It is to be understood that the above-described embodiments of the present invention are merely illustrative of or explaining the principles of the invention and are not to be construed as limiting the invention. Therefore, any modification, equivalent replacement, improvement and the like made without departing from the spirit and scope of the present invention should be included in the protection scope of the present invention. Further, it is intended that the appended claims cover all such variations and modifications as fall within the scope and boundary of the appended claims, or the equivalents of such scope and boundary.
Claims (10)
1. TiO (titanium dioxide)2The preparation method of the heterogeneous phase-change nano material is characterized by comprising the following steps:
s1, placing titanium tetraisopropoxide and a concentrated hydrochloric acid solution in a sealed container, introducing protective gas, and stirring to uniformly mix the materials;
s2, transferring the mixture obtained in the step S1 to a hydrothermal kettle for hydrothermal reaction at the temperature of 160-240 ℃ for 12-48h, and cooling after the reaction is finished;
s3, washing the product obtained in the step S2 with NaOH solution, ethanol and deionized water respectively to obtain white solid precipitate;
s4, drying the white precipitate in a vacuum oven, grinding, transferring to a corundum crucible, placing in a muffle furnace together for annealing reaction, and naturally cooling to room temperature after the reaction is finished to obtain TiO2Homogeneous heterogeneous phase nano material.
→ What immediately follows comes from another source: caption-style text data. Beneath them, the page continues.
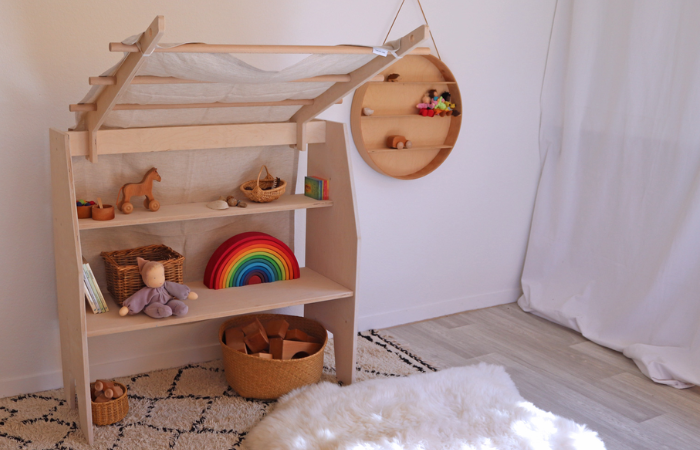 Vyzkoušejte 3 triky, aby open ended hračky neležely v polici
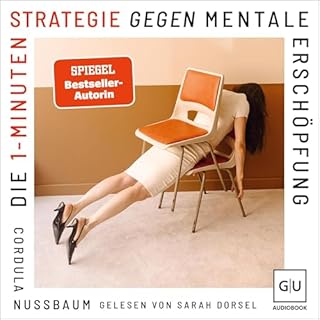 Die 1-Minuten-Strategie gegen mentale Erschöpfung Titelbild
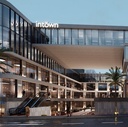 In Town Mall New Cairo by NTG Developments - Commercial area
2. A TiO according to claim 12The preparation method of the homogeneous heterogeneous nano material is characterized in that the volume ratio of the titanium tetraisopropoxide to the concentrated hydrochloric acid solution in the step S1 is 10-30:3-6, and the protective gas is one or a mixture of argon and nitrogen.
3. The TiO of claim 12The preparation method of the homogeneous heterogeneous nano material is characterized in that NaOH solution, ethanol and deionized water are respectively used for centrifugal cleaning for three times in the step S3, and the concentration of the NaOH solution is 5 mol/L; the centrifugal speed is 5000r/min, and the time of each centrifugation is 5 min.
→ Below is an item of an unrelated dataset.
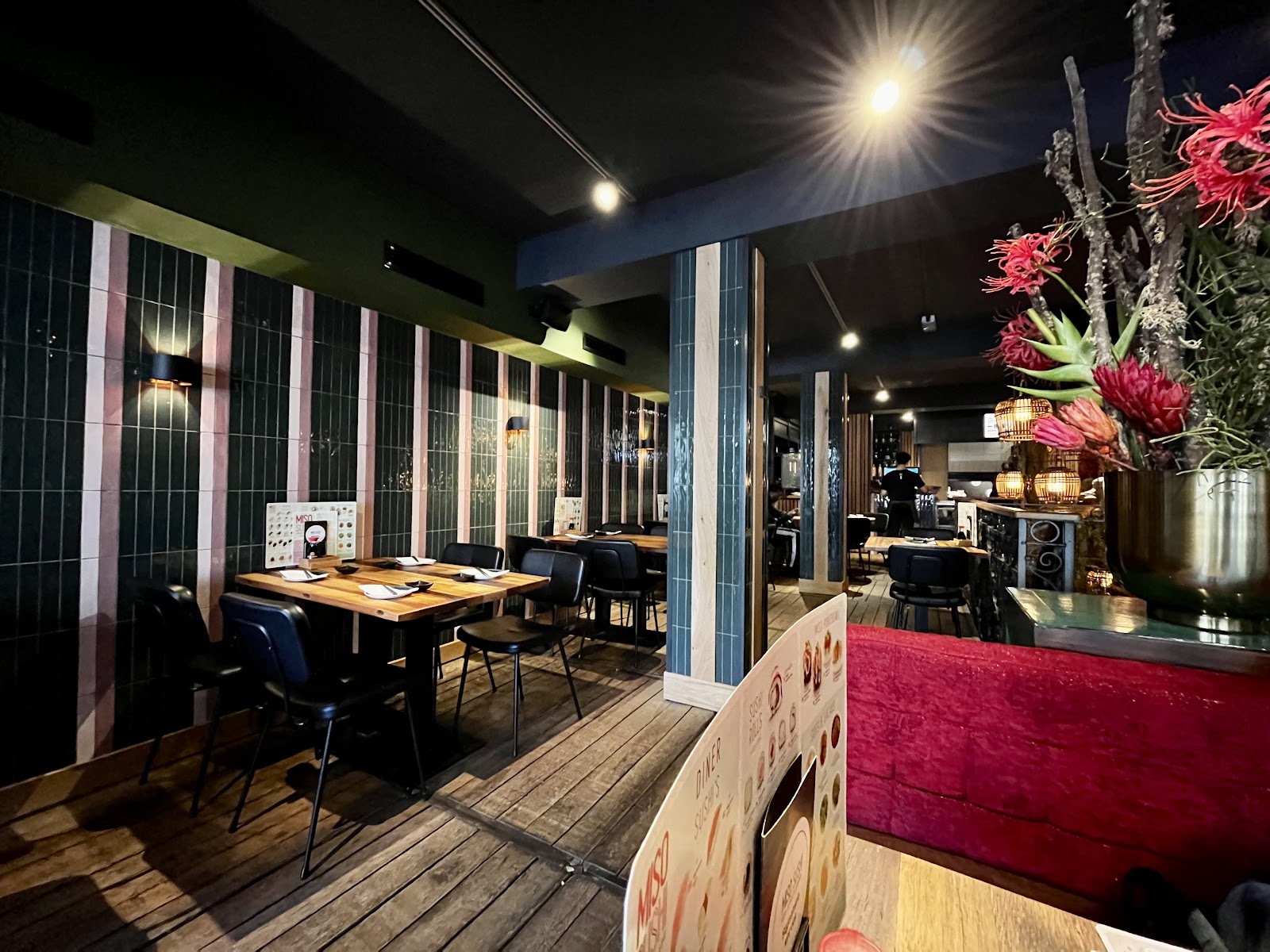 Foto van Miso Sushi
4. According toThe TiO of claim 12The preparation method of the heterogeneous phase-change nano material is characterized in that in the step S4, the drying temperature is 80 ℃, and the drying time is 10 hours; the annealing reaction temperature is 450 ℃, the time is 3h, and the heating rate is 5 ℃/min.
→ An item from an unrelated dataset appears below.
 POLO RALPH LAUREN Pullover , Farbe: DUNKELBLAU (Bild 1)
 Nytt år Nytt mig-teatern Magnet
5. TiO (titanium dioxide)2A heterogeneous phase-change nanomaterial obtained by the method according to any one of claims 1 to 4, wherein the TiO is2The homogeneous heterogeneous phase nanometer material contains a zero-dimensional-one-dimensional symbiotic structure coexisting with zero-dimensional particles and one-dimensional edge rods, wherein the zero-dimensional particles are in an anatase phase, and the one-dimensional edge rods are in a rutile phase.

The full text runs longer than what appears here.